At the conference, African delegates pushed for support for climate finance to build resilience against the impact of climate change and for special consideration for Africa around targets contained in the treaties under discussion.

The discussions at COP 25 centred around the landmark 2015 Paris Agreement, which calls on countries to cut carbon emissions to ensure that global temperatures do not rise by more than 2°C by the end of this century, while attempting to contain it within 1.5°C. The conference ended with a declaration on the “urgent need” to close the gap between existing emissions pledges and the temperature goals of the Paris agreement.

The African Development Bank attended the conference to lend strategic support to its regional member countries in the negotiations.

Nyong pointed out that Africa is committed: 51 of the 54 African countries have already ratified their Nationally Determined Contributions (NDCs) under the Paris Agreement signed at the landmark COP21 in Paris. The NDCs are specific climate change targets that each country must set.

Support for the bank-funded ‘Desert to Power’ project highlighted Africa’s determination to strive for a climate-friendly world, especially for its local populations, said Nyong.
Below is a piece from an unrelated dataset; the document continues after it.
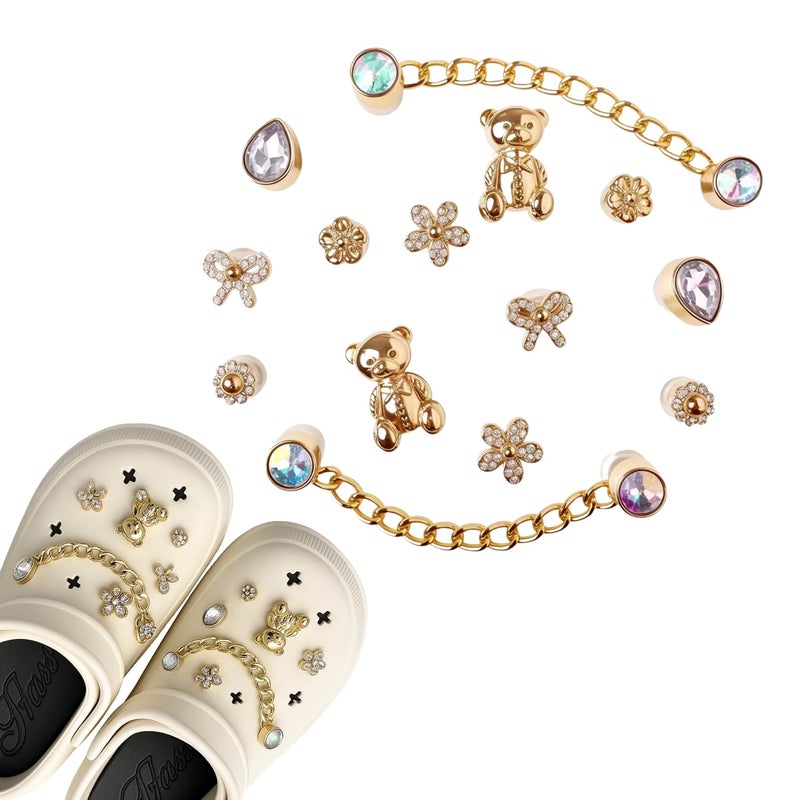 Flavizo 14pcs Bear Shoe Charms with Decorative Chain, Cute Accessories for Women and Girls Sandals, Stylish Buttons for Clog Decoration, Durable Resin and Metal Shoes Clips - Image 1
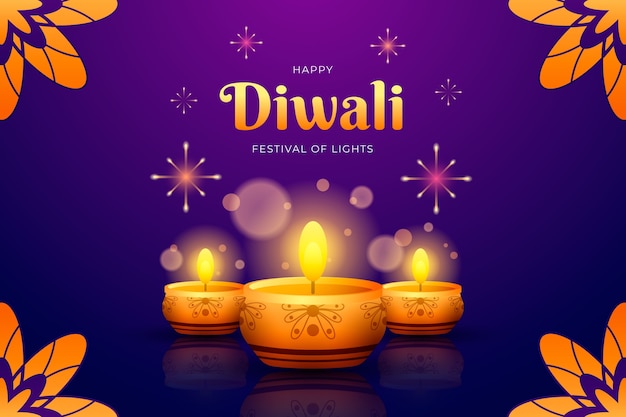 Hintergrund des Diwali-Festivals mit Farbverlauf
Desert to Power is a $20bn initiative to deploy solar energy solutions across the entire Sahel region, generating 10,000 MW to provide 250 million people with clean electricity.

“The African Development Bank stands ready as ever to assist its regional member countries to build resilience against climate change,” said Nyong.

“We look forward to engaging further with regional member countries and other parties to ensure that the continent’s development agenda remains on track.”

Last month, the bank and the African Union Development Agency agreed to jointly develop a blueprint for a pan-continental electricity network and market.

The Continental Power System Master Plan “will ensure that competitive electricity markets are developed at regional and continental levels, creating unique opportunities to optimally utilize Africa’s vast energy resources for the benefit of Africa,” said Professor Mosad Elmissiry, a senior energy advisor to the African Union Development Agency.

Development of a unified electricity transmission network and market for electricity trading are viewed as a critical priority to improve the lives of people across the continent.

“Most state-owned electric utilities in Africa today are unable to secure the financial resources needed to implement required segments of regional interconnectors and associated national feeder lines,” said Angela Nalikka, the bank’s manager for National and Regional Power Systems. “The bank plans to encourage private sector participation in transmission projects in the continent.”